#### Instructions for the task
Among the entries, find the lines with the string "Orange" and copy them.

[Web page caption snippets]
# # # # #

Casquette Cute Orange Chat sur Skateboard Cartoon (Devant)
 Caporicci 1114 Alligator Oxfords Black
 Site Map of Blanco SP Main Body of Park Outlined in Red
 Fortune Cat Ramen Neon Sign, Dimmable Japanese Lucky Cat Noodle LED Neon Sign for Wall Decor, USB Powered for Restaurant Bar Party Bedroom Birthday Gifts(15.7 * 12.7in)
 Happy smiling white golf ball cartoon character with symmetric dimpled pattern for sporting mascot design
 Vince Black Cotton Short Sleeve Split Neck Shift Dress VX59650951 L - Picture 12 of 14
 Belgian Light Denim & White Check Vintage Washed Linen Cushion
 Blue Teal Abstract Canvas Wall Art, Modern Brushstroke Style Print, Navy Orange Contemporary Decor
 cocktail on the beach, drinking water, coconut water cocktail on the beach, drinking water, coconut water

# # # # #

#### Solution to this task
Casquette Cute Orange Chat sur Skateboard Cartoon (Devant)
 Blue Teal Abstract Canvas Wall Art, Modern Brushstroke Style Print, Navy Orange Contemporary Decor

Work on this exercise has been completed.